La corteccia orbitofrontale e ventromediale sono coinvolti nei processi di riconoscimento emotivo e di decisione grazie al mantenimento in memoria dell’associazione tra un dato stimolo familiare e la sua eventuale risposta gratificante. In pratica questa parte di corteccia paragona esperienze interne e quelle esterne, permettendo di compiere una valutazione sociale che consente al soggetto di agire in modo adeguato in base alle circostanze, fornendo quindi un comportamento sempre “sociale”. Questa parte si attiva specie quando il soggetto è costretto ad operare una decisione in mancanza di precise informazioni esterne, quindi deve prendere scelte basandosi maggiormente sulla “sensazione” e sulla “gratificazione” più che sulle conseguenze logiche del proprio gesto.

Il lobo orbitofrontale presenta molte proiezioni verso i centri emotivi e sembra permettere la modulazione di una data reazione emotiva in base alla circostanza: in pratica inibisce le reazioni emotive non “sociali”, coordinandole con gli stimoli provenienti dal mondo esterno per rendere le azioni adeguate al contesto. Ad esempio spinge l’individuo a non ridere felice durante un funerale o a non provare rabbia quando si osserva un neonato che dorme tranquillo.

Da quanto detto si comprende che la corteccia prefrontale orbitofrontale è un vero e proprio centro di controllo di regolazione della maggioranza dei comportamenti sociali di un individuo. Infine la corteccia orbitofrontale sembra essere coinvolta nei processi di risoluzione dei problemi (“problem solving“).

In conclusione il corretto funzionamento dell’intera corteccia prefontale è essenziale per una normale vita “sociale” e l’uso continuativo di sostanze d’abuso come la cocaina determina alterazioni nella corteccia prefrontale che possono essere anche gravi ed irreversibili.

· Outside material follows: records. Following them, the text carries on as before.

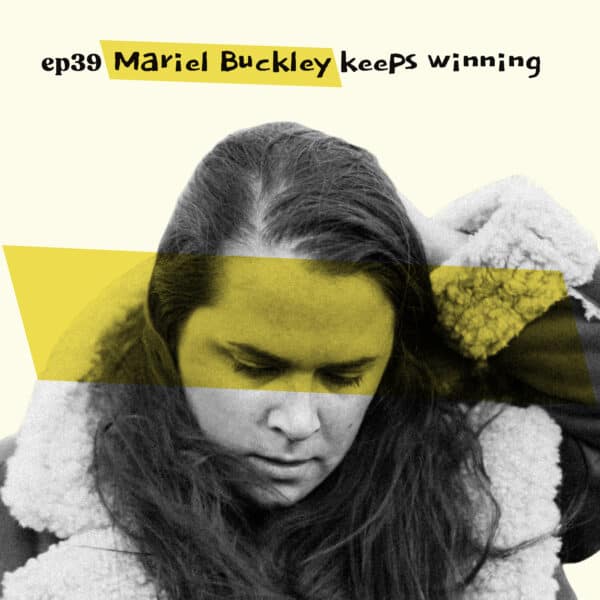 Almost Famous Enough music podcast ep39 Mariel Buckley April 9 cover art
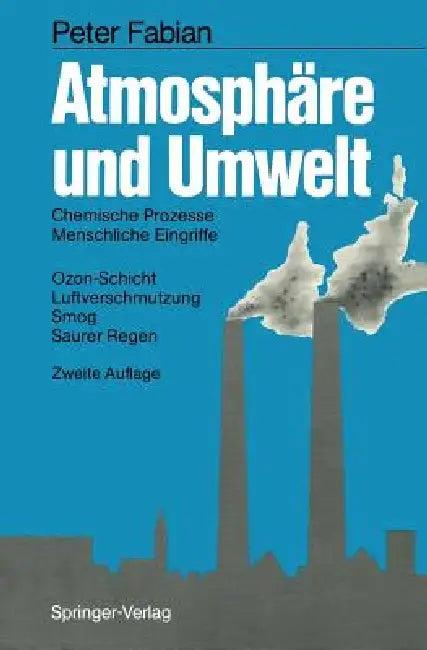Atmosphäre Und Umwelt (English, Peter Fabian)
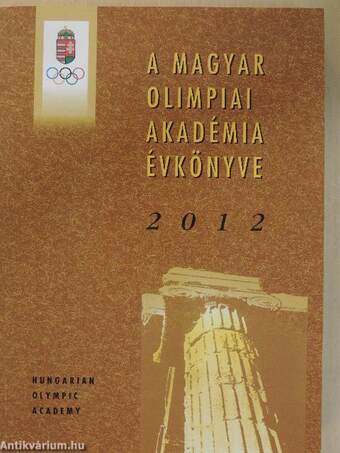 A Magyar Olimpiai Akadémia évkönyve 2012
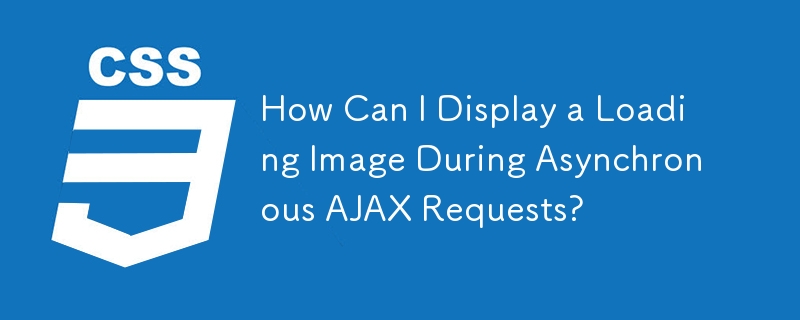 How Can I Display a Loading Image During Asynchronous AJAX Requests?
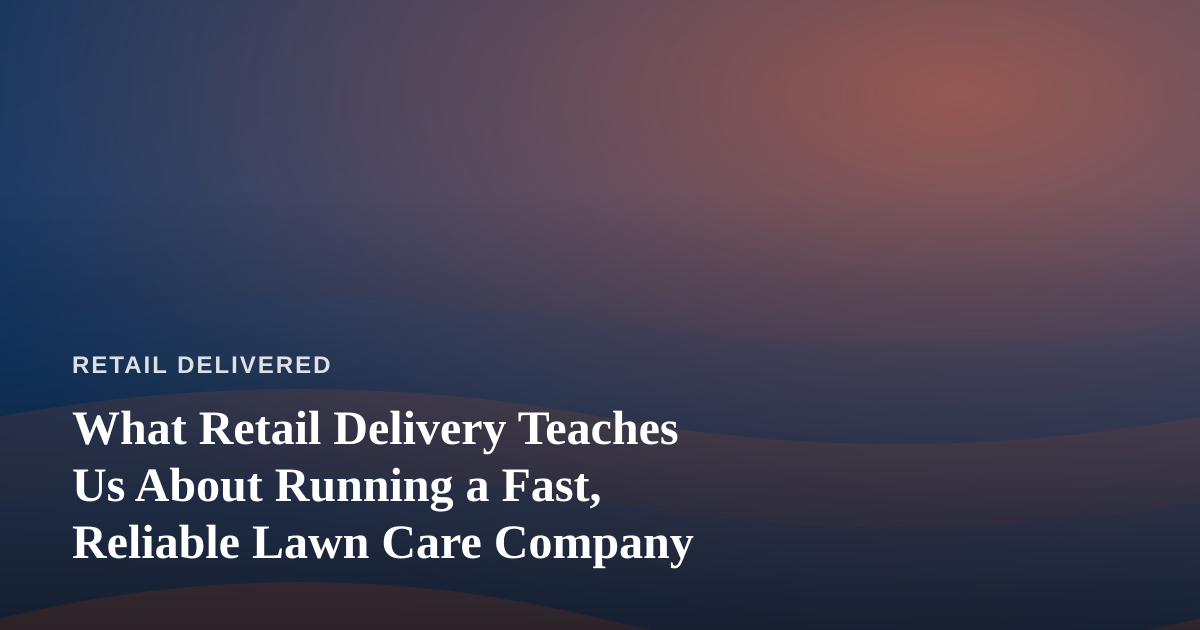 What Retail Delivery Teaches Us About Running a Fast, Reliable Lawn Care Company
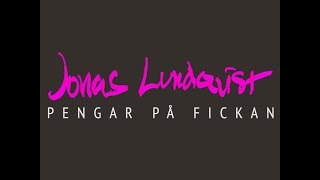 Jonas Lundqvist - Pengar på fickan (Video)
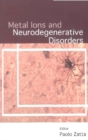 Image for Metal ions and neurodegenerative disorders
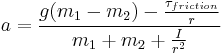  a = {{g (m_1 - m_2) - {\tau_{friction} \over r}} \over {m_1 %2B m_2 %2B {{I} \over {r^2}}}}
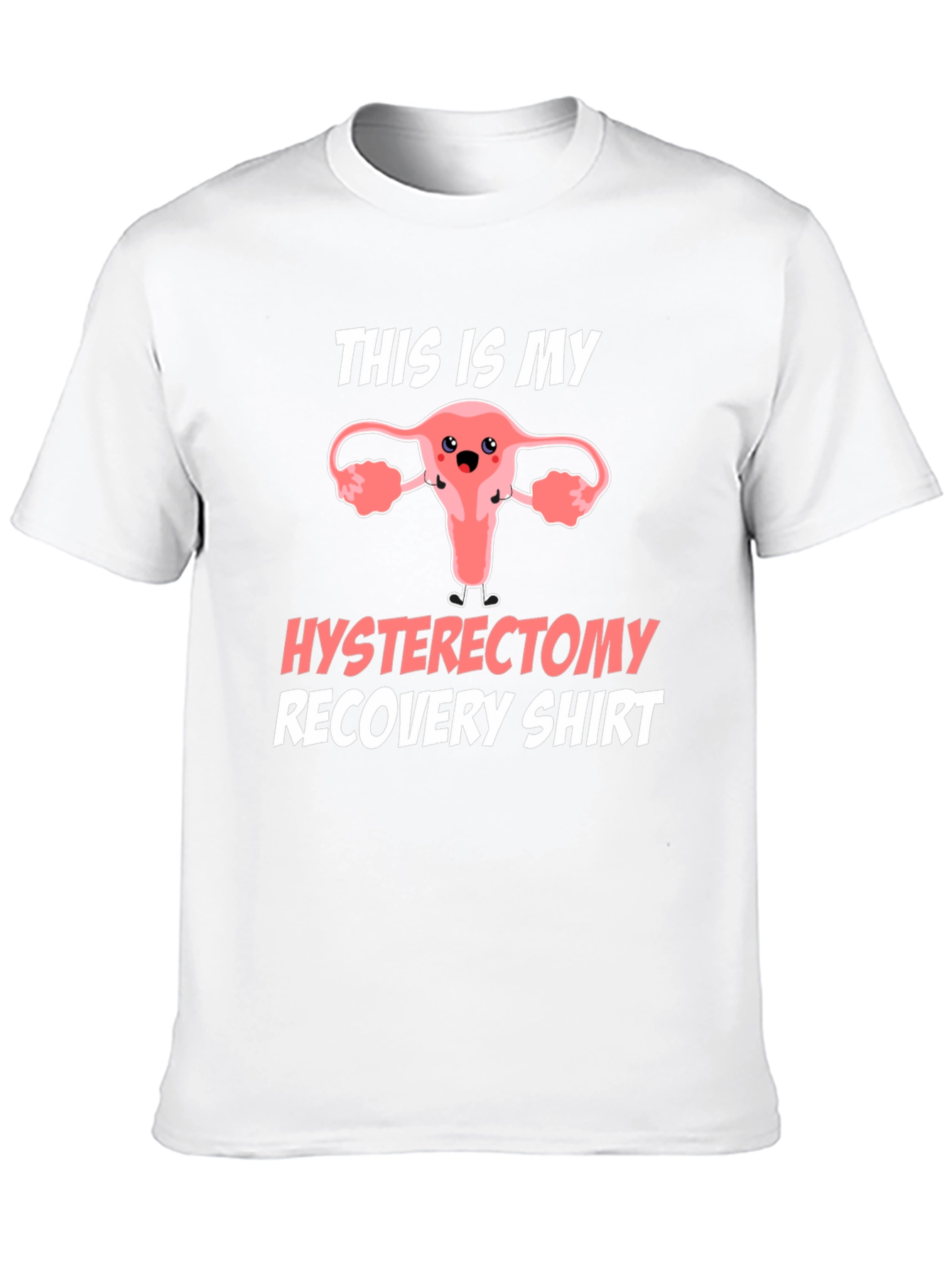 Hysterectomy Recovery T-Shirt Funny Uterus Tee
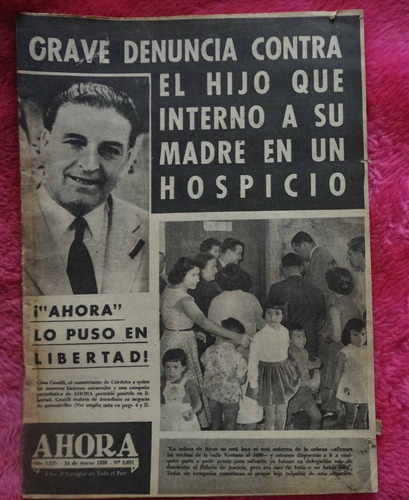 Ahora 24 Marzo 1959 Frondizi Eva Peron Ana Maria Cachito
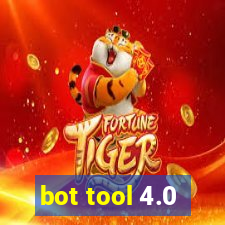 bot tool 4.0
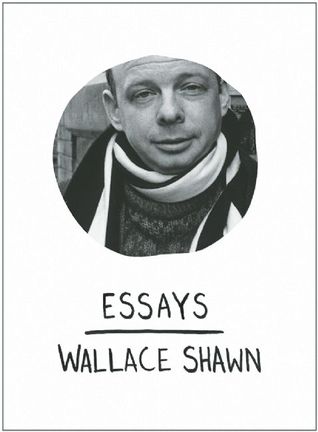 Essays (2009) by Wallace Shawn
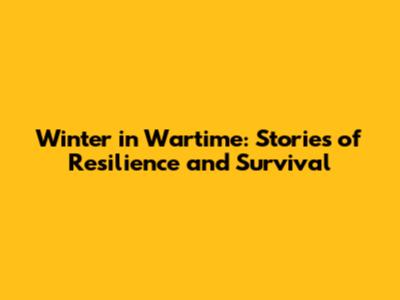 Winter in Wartime: Stories of Resilience and Survival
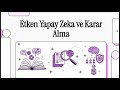 Etken Yapay Zeka (Agentic AI) Analizi: Agentic AI ile Karar Alma Devrimi ve Otonom Karar Alma 🚀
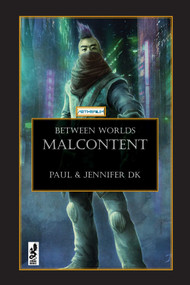 Between Worlds (Malcontent) by Jennifer DK, Paul DK, 9781950423620
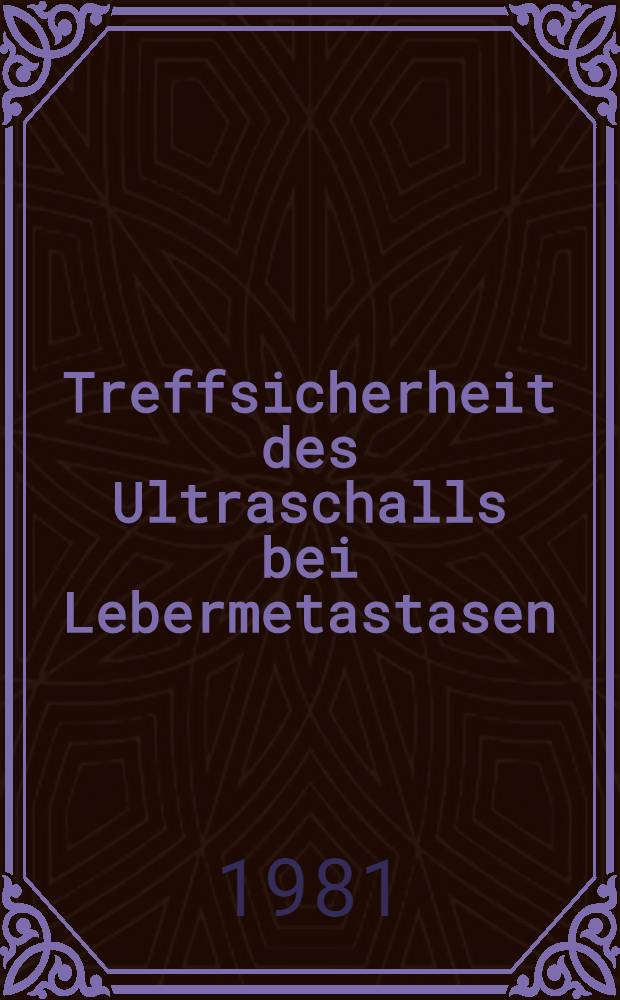 Treffsicherheit des Ultraschalls bei Lebermetastasen : Prosp. Studie : Inaug.-Diss
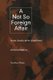 A Not So Foreign Affair - Fascism, Sexuality, and the Cultural Rhetoric of American Democracy (Paperback): Andrea Slane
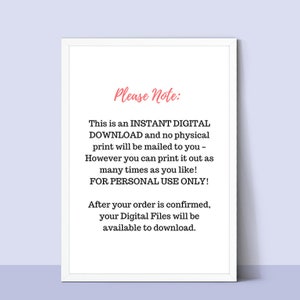 Puede incluir: Un cartel imprimible enmarcado en blanco con el texto "Please Note:" y un mensaje sobre descargas digitales instant&aacute;neas. El texto dice: "Esto es una DESCARGA DIGITAL INSTANT&Aacute;NEA y no se enviar&aacute; ninguna impresi&oacute;n f&iacute;sica - Sin embargo, puedes imprimirla tantas veces como quieras! SOLO PARA USO PERSONAL! Una vez que se confirme tu pedido, tus archivos digitales estar&aacute;n disponibles para descargar."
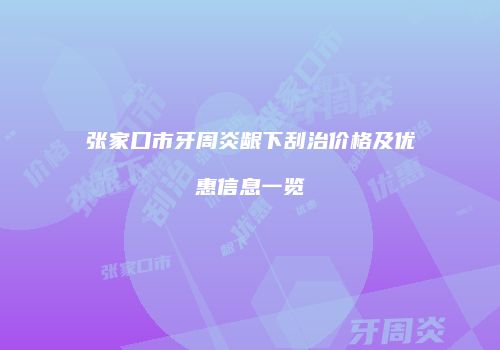 张家口市牙周炎龈下刮治价格及优惠信息一览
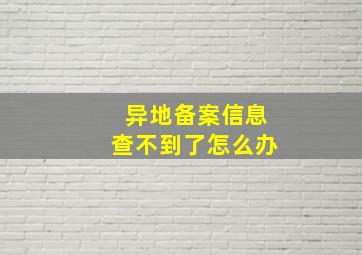 异地备案信息查不到了怎么办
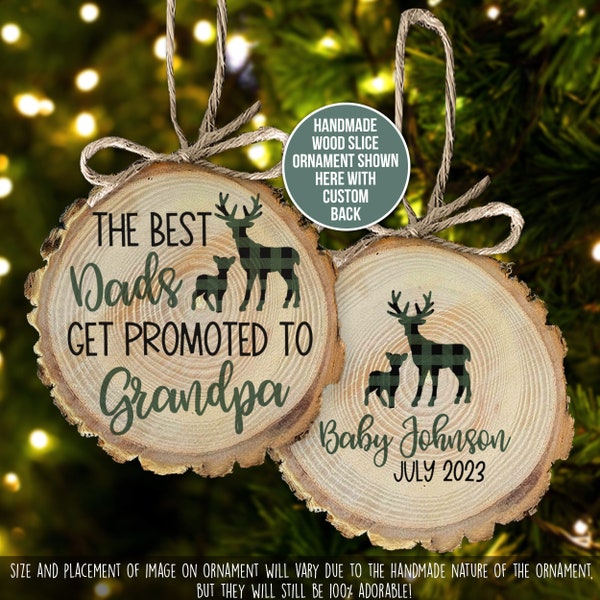 grandparent ornament - the best dads promoted to grandpa reindeer wood slice ornament Christmas pregnancy announcement ornament MWO22-018-DG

Quindi possono essere compromesse le capacità attentive e di pianificazione delle azioni e la capacità di problem solving con tendenza alle perseverazioni nei propri errori. Inoltre il soggetto con sindrome frontale, specie se ad essere danneggiata è la parte orbitofrontale, manifesta eccessiva disinibizione, instabilità affettiva, modificazioni della personalità, comportamenti non congrui alla situazione, comportamenti antisociali e persino illegali.